Return the entries exactly. Images are not part of the copy.

===== RECORDS SHOWN

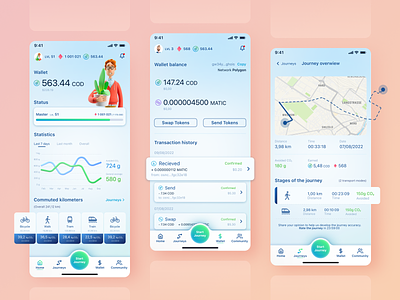 Codos App - dashboard, digital wallet & journey overview app crypto cryptocurrency dashboard design digital wallet environment gamification ios journey map mobile polygon network progress bar transport transport mode ui ux wallet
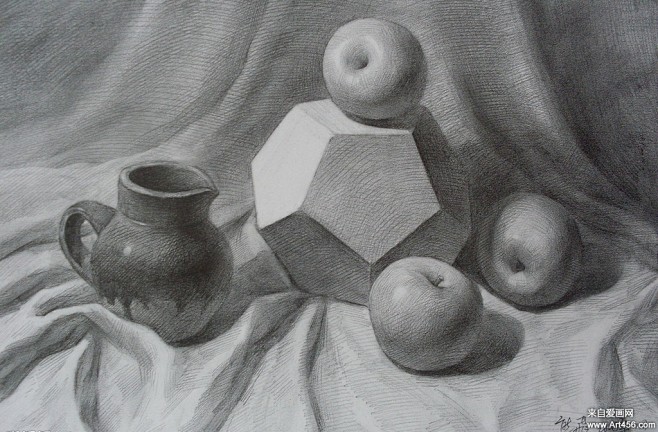 写实素描组合静物作品欣赏-素描作品-爱画...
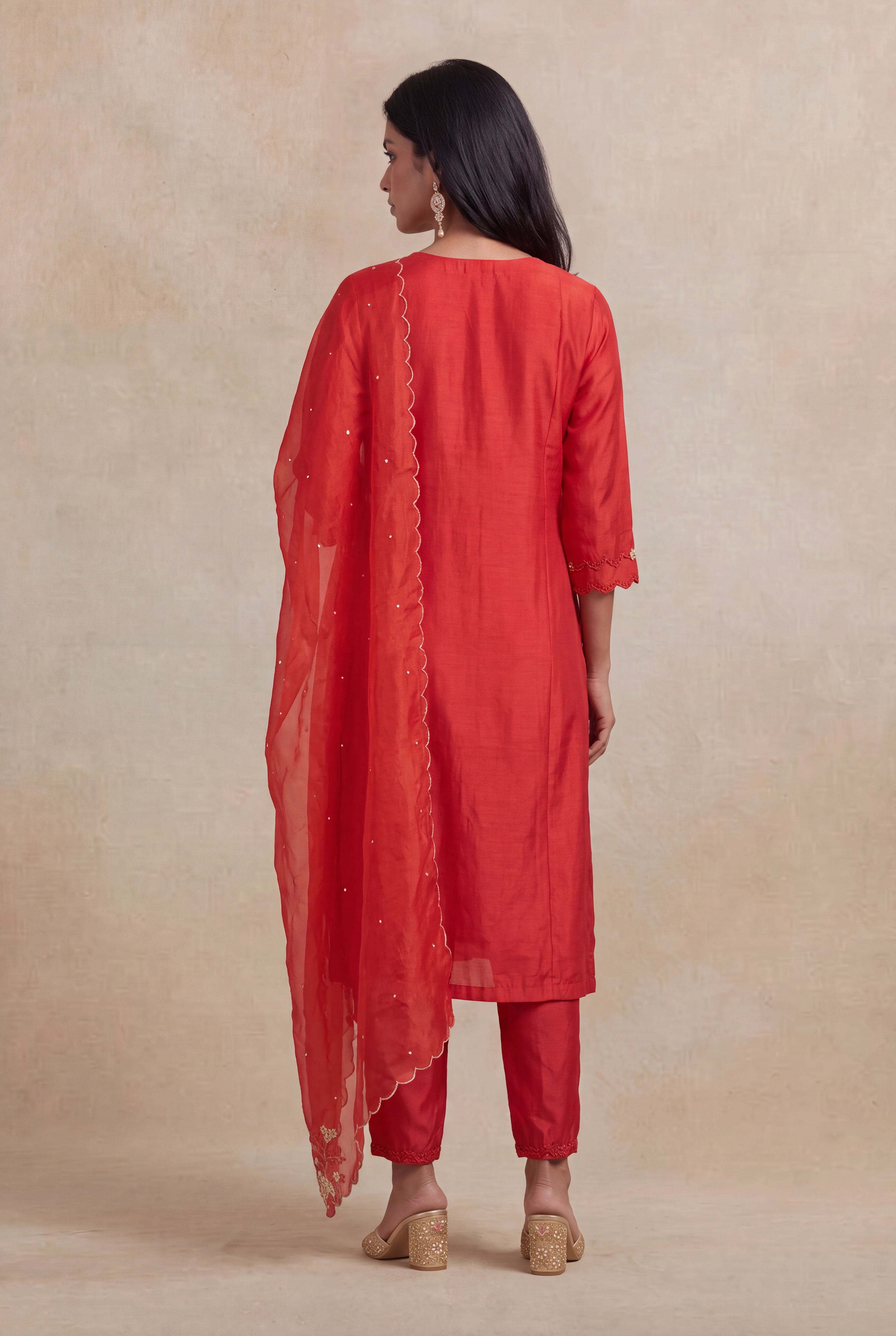 Red Chanderi Silk Embroidered Straight-Cut Salwar Set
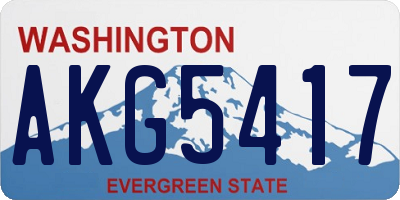 WA license plate AKG5417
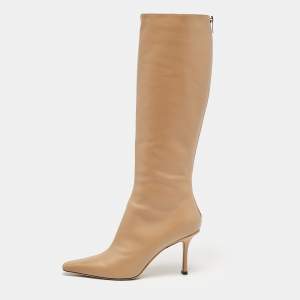 Jimmy Choo Beige Leather Agathe Knee Length Boots Size 39.5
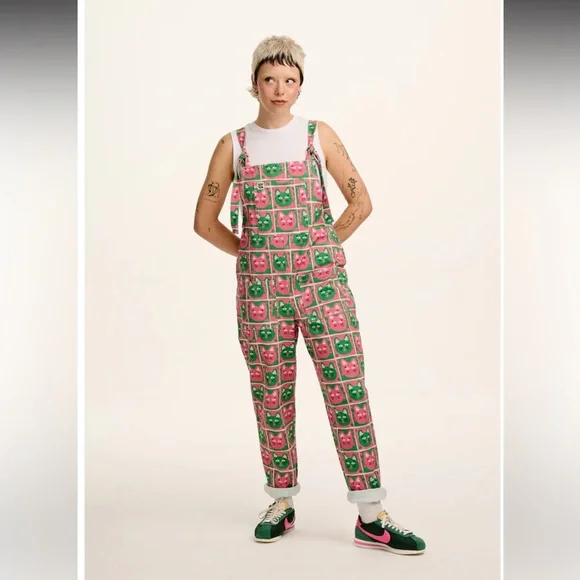 NWT Lucy and Yak exclusive Cat Print dungaree overalls - Picture 1 of 6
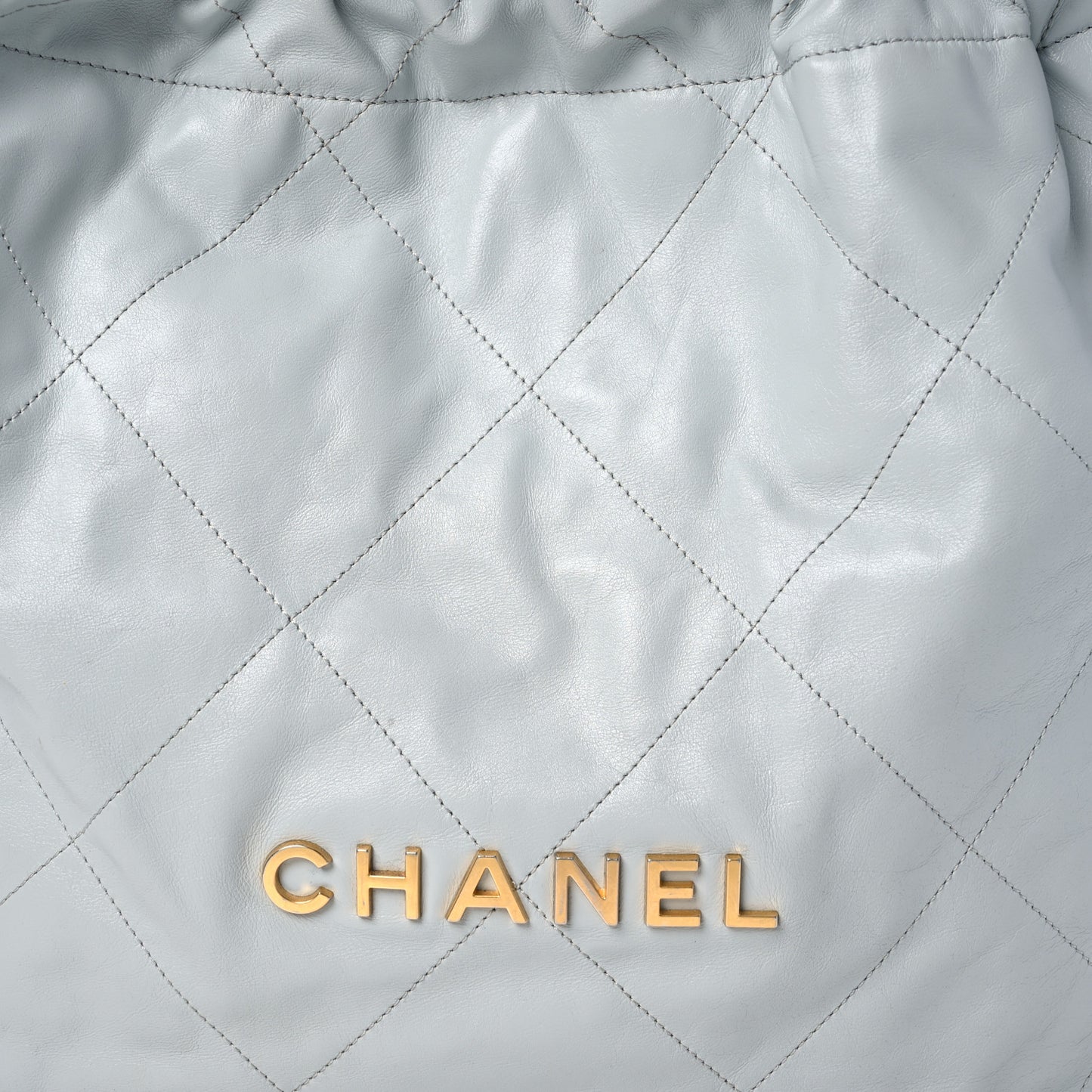 Shiny Calfskin Quilted Small Chanel 22 Grey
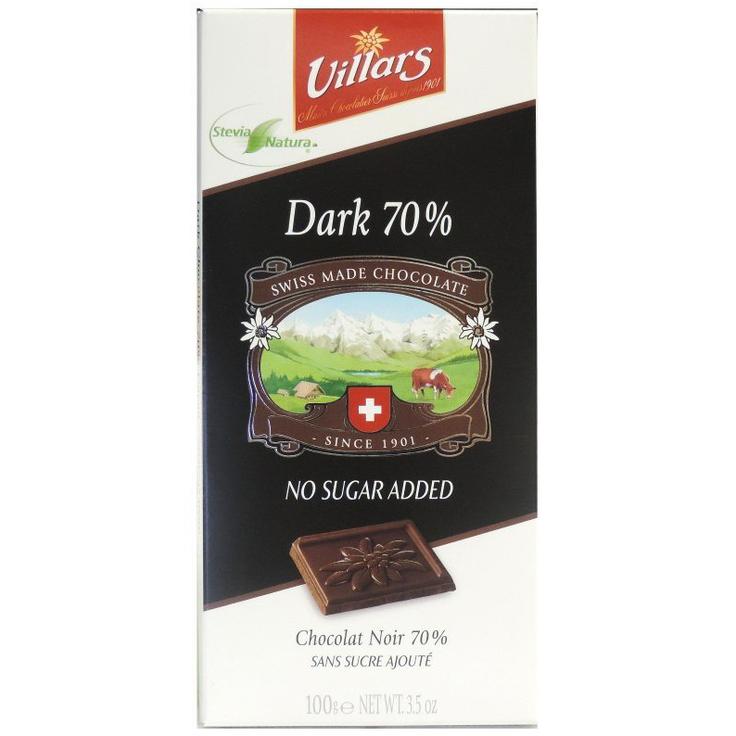 Шоколад темный без сахара со стевией 70% Villars, 100 г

==========

» **SOLUTION**
 Codos App - dashboard, digital wallet & journey overview app crypto cryptocurrency dashboard design digital wallet environment gamification ios journey map mobile polygon network progress bar transport transport mode ui ux wallet
 写实素描组合静物作品欣赏-素描作品-爱画...
 Red Chanderi Silk Embroidered Straight-Cut Salwar Set
 WA license plate AKG5417
 Jimmy Choo Beige Leather Agathe Knee Length Boots Size 39.5
 NWT Lucy and Yak exclusive Cat Print dungaree overalls - Picture 1 of 6
 Shiny Calfskin Quilted Small Chanel 22 Grey
 Шоколад темный без сахара со стевией 70% Villars, 100 г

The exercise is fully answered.